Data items
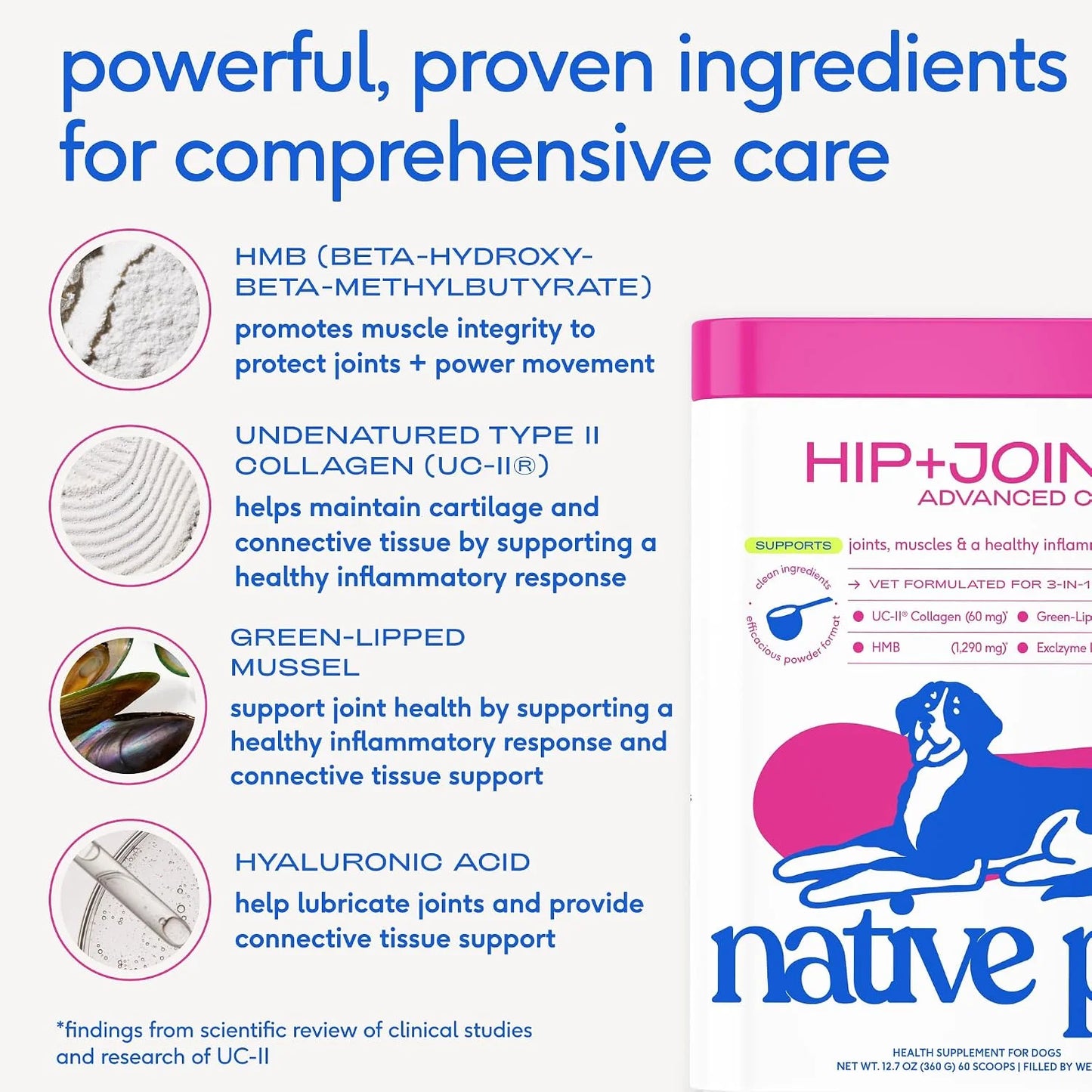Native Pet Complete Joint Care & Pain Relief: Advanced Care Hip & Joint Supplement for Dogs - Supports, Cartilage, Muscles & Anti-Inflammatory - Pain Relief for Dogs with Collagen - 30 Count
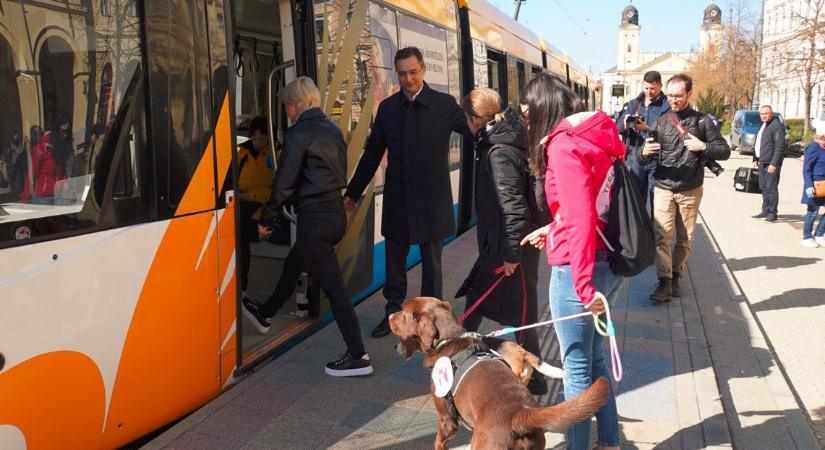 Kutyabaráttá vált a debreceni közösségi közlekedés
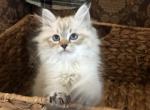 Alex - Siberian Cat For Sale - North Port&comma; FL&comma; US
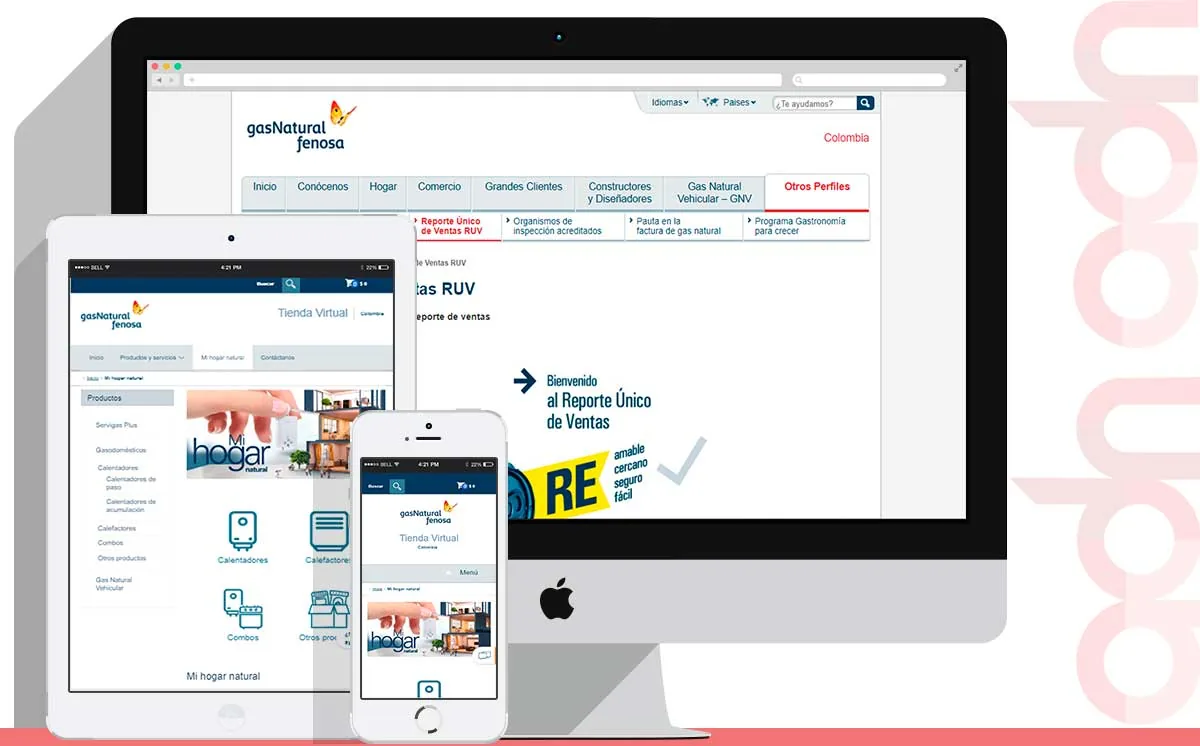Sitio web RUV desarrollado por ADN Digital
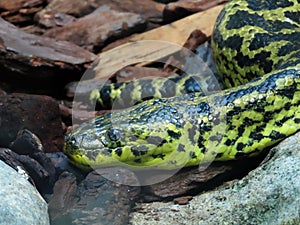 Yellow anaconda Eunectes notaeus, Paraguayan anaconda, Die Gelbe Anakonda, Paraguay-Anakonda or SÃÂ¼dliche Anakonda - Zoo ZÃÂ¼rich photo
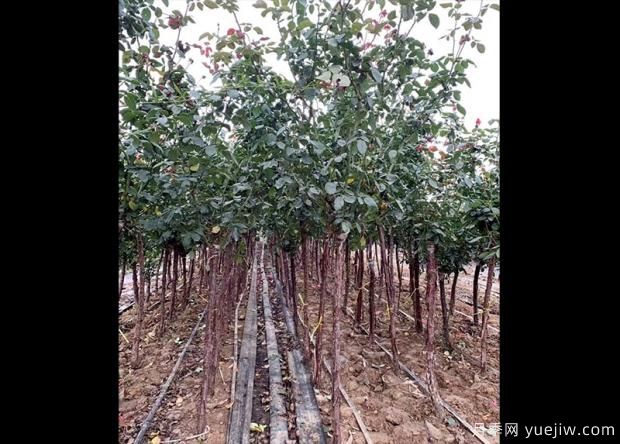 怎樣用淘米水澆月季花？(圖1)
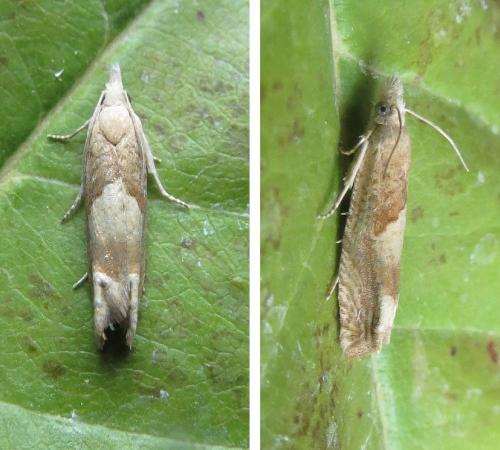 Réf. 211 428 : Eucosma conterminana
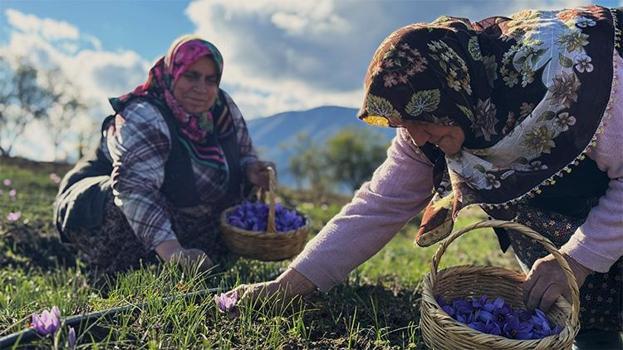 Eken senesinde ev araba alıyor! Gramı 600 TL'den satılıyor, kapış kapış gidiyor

TASK OBJECTIVE ▸
Repeat exactly the lines from the first line of the records above through the line containing "Yellow anaconda Eunectes", both included. Leave out the pictures.

RESPONSE TO THIS TASK ▸
Native Pet Complete Joint Care & Pain Relief: Advanced Care Hip & Joint Supplement for Dogs - Supports, Cartilage, Muscles & Anti-Inflammatory - Pain Relief for Dogs with Collagen - 30 Count
 Kutyabaráttá vált a debreceni közösségi közlekedés
 Alex - Siberian Cat For Sale - North Port&comma; FL&comma; US
Sitio web RUV desarrollado por ADN Digital
 Yellow anaconda Eunectes notaeus, Paraguayan anaconda, Die Gelbe Anakonda, Paraguay-Anakonda or SÃÂ¼dliche Anakonda - Zoo ZÃÂ¼rich photo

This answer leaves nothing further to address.